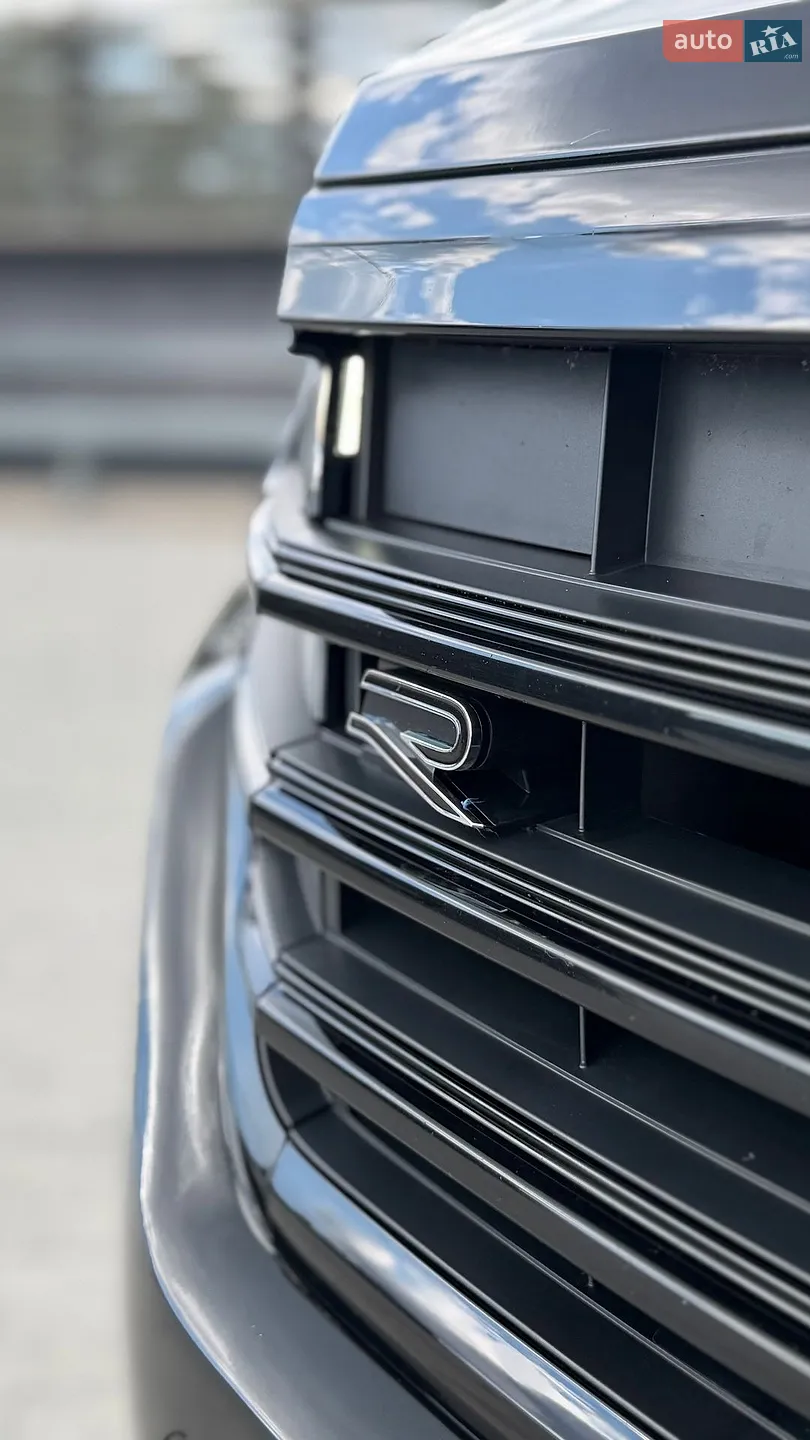 2022 Volkswagen Touareg - мініатюра 8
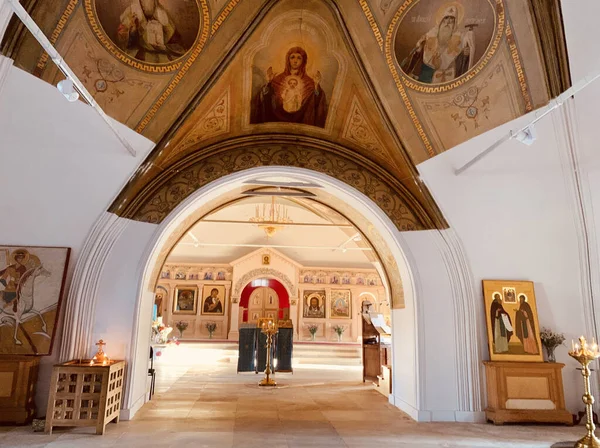 Mosca Russia Dicembre 2020 Iconostasi Nella Chiesa Della Risurrezione Cristo — Foto Stock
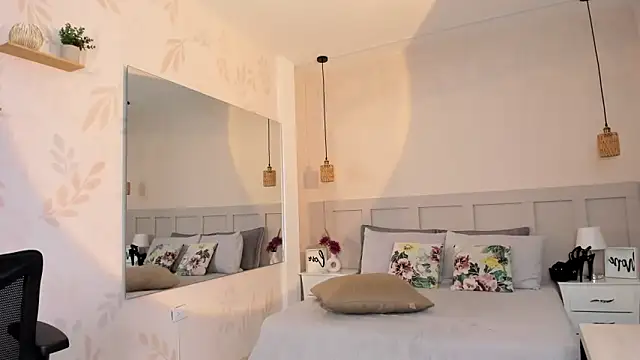MartinaGuzmann Adlı Modelin Canlı XXX Sohbeti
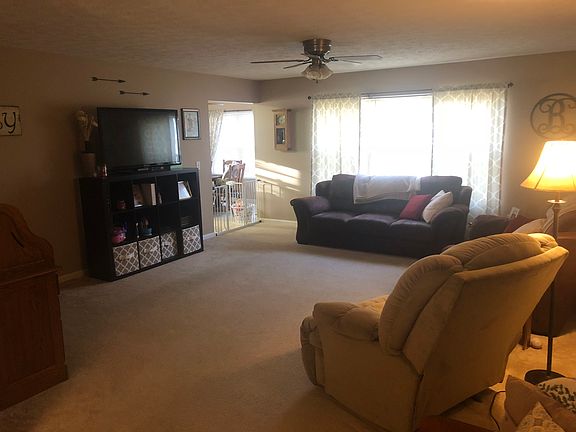 4th image of 216 Brooke Woode Dr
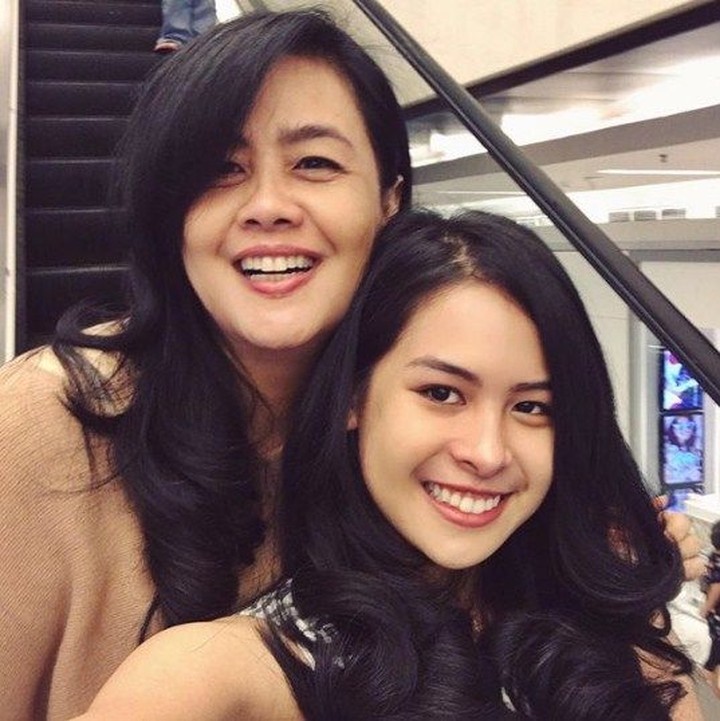 Intip Foto Maudy Ayunda dan Bundanya, kayak Kakak dan Adik - Foto 8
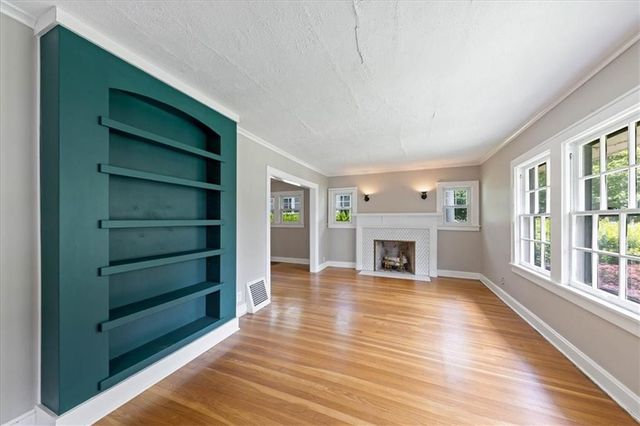 6152 Locust Street, Kansas City, MO 64110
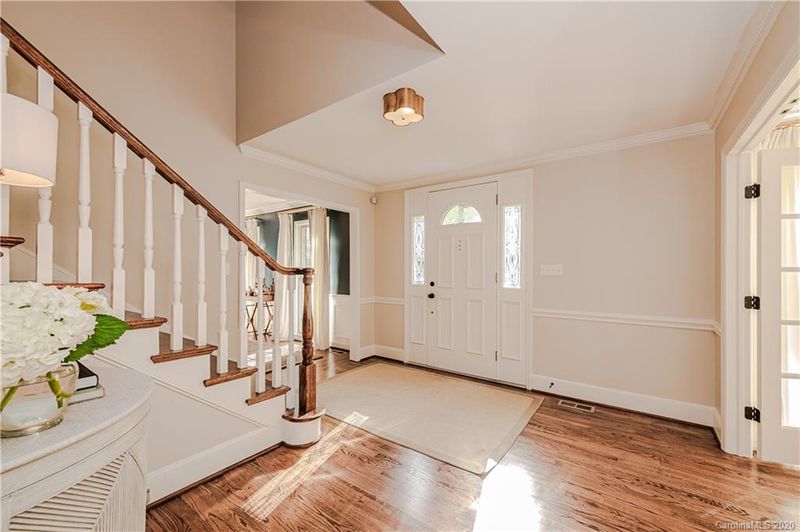 3041 Cutchin Dr, Charlotte, NC 28210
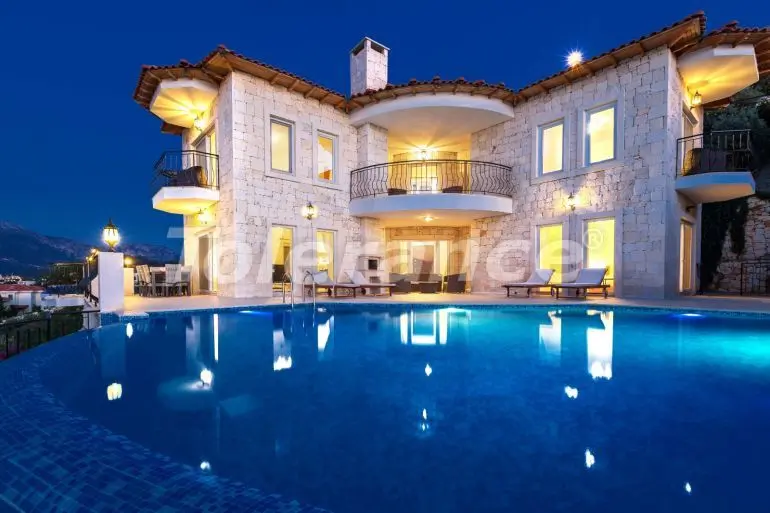 Вилла или дом в Каше с бассейном: купить недвижимость в Турции - 21956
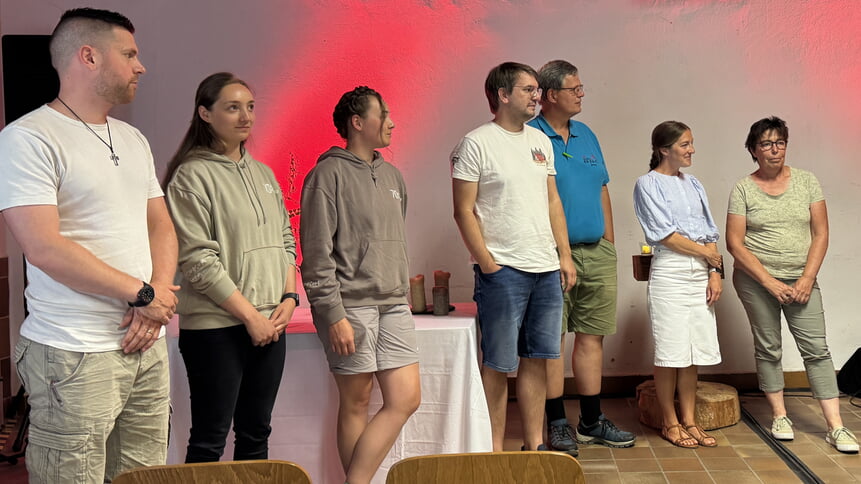 Das neue Leitungsteam (v.l.): Jan Kiepe, Luisa Neumann, Krissy Brandl, Martin Schott, Georg Hucks, Veronika Warkentin und Anette Hartmann
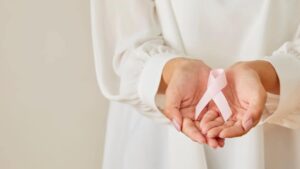 Sintomi del cancro ovarico che devi conoscere: ecco quali possono essere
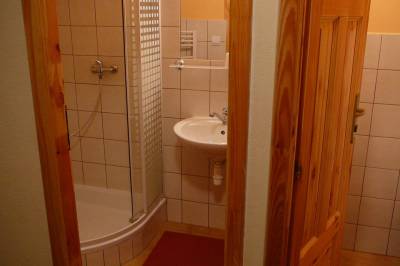 Apartmán č. 5 – kúpeľňa so sprchovacím kútom, Apartmány Jasná 278, Demänovská Dolina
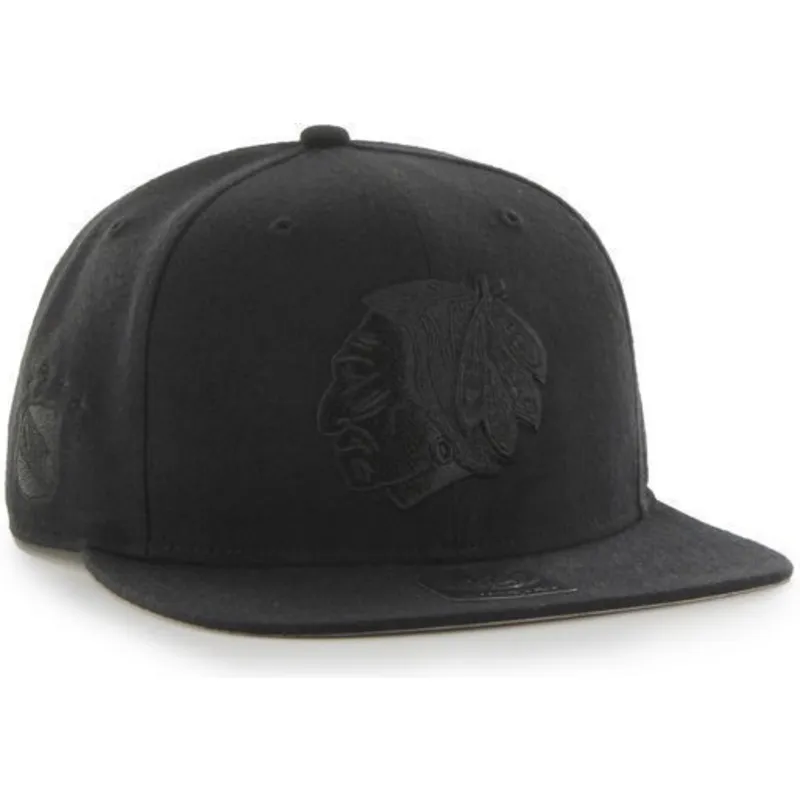 cepice-rovna-cerna-snapback-chicago-blackhawks-nhl-47-brand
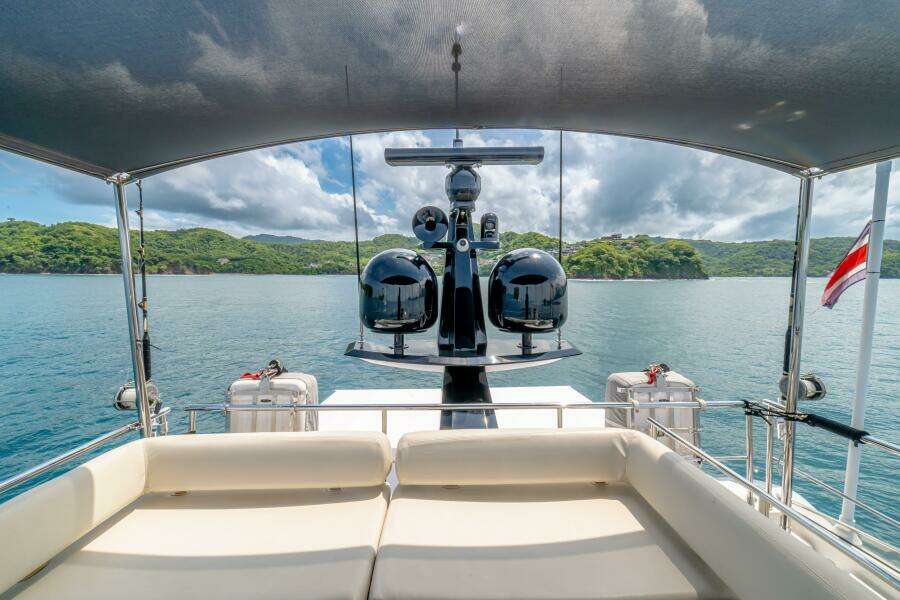 2017 Azimut 77 
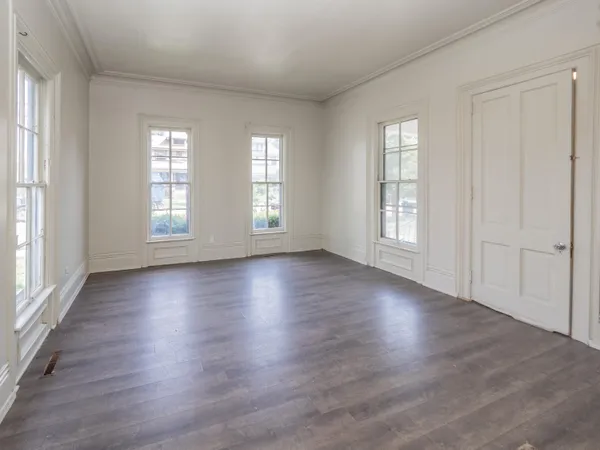 $179,500 | 935 West Lovell Street, Kalamazoo, MI 49007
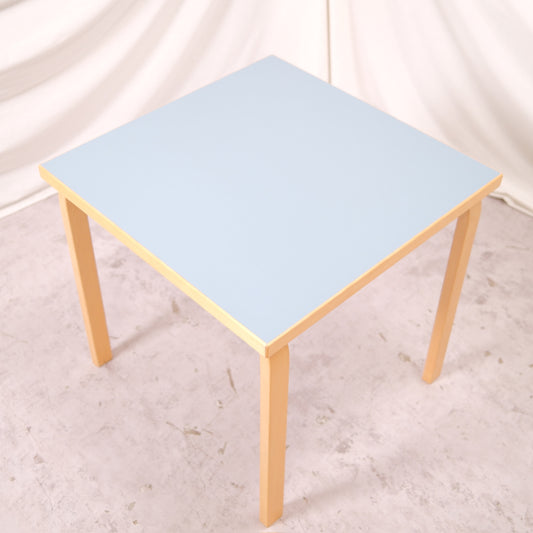 Alvar Aalto Artek bord 81C, ljusblå skiva
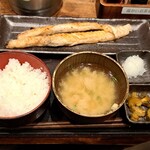 Shimpachi Shokudou - サーモンハラミ定食(ごはん普通盛り)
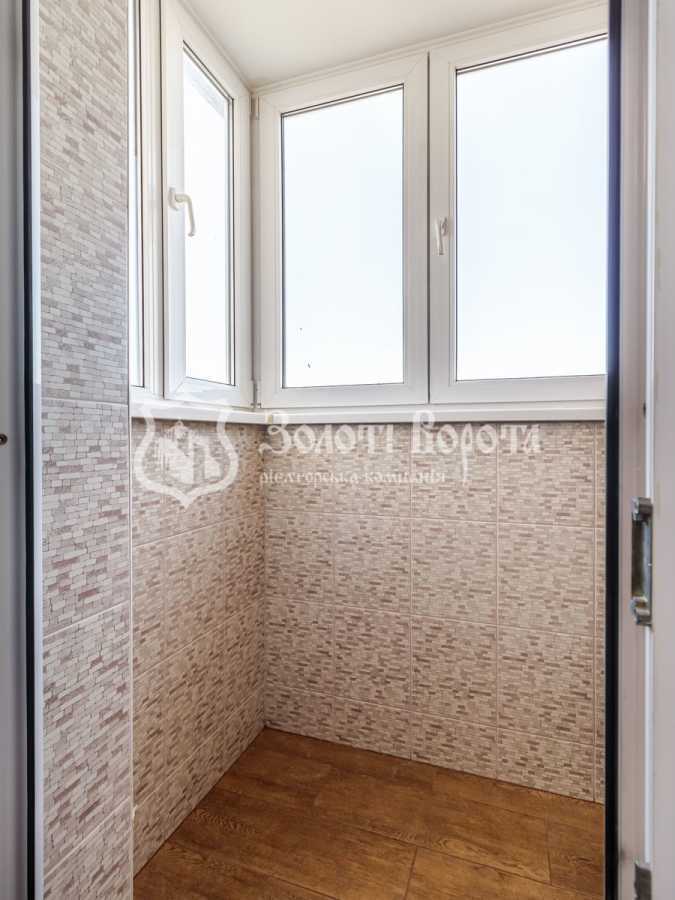 Продаж 4-кімнатної квартири 142 м², Срібнокільська вул., 1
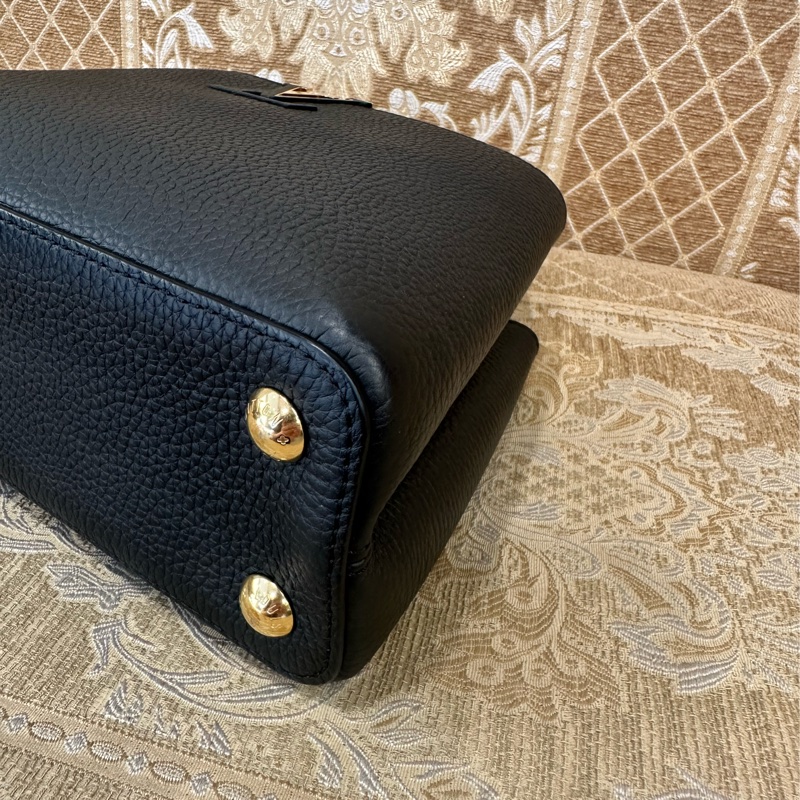 LV 黑牛皮金釦Capucines BB手提肩斜背包M24728-6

_ABOUT THIS TASK_.
Each record should be written out again exactly, though without its pictures.

_RESPONSE TO THIS EXERCISE_.
 2022 Volkswagen Touareg - мініатюра 8
 Mosca Russia Dicembre 2020 Iconostasi Nella Chiesa Della Risurrezione Cristo — Foto Stock
MartinaGuzmann Adlı Modelin Canlı XXX Sohbeti
 4th image of 216 Brooke Woode Dr
 Intip Foto Maudy Ayunda dan Bundanya, kayak Kakak dan Adik - Foto 8
 6152 Locust Street, Kansas City, MO 64110
 3041 Cutchin Dr, Charlotte, NC 28210
 Вилла или дом в Каше с бассейном: купить недвижимость в Турции - 21956
 Das neue Leitungsteam (v.l.): Jan Kiepe, Luisa Neumann, Krissy Brandl, Martin Schott, Georg Hucks, Veronika Warkentin und Anette Hartmann
 Sintomi del cancro ovarico che devi conoscere: ecco quali possono essere
 Apartmán č. 5 – kúpeľňa so sprchovacím kútom, Apartmány Jasná 278, Demänovská Dolina
 cepice-rovna-cerna-snapback-chicago-blackhawks-nhl-47-brand
 2017 Azimut 77 
 $179,500 | 935 West Lovell Street, Kalamazoo, MI 49007
 Alvar Aalto Artek bord 81C, ljusblå skiva
 Shimpachi Shokudou - サーモンハラミ定食(ごはん普通盛り)
 Продаж 4-кімнатної квартири 142 м², Срібнокільська вул., 1
 LV 黑牛皮金釦Capucines BB手提肩斜背包M24728-6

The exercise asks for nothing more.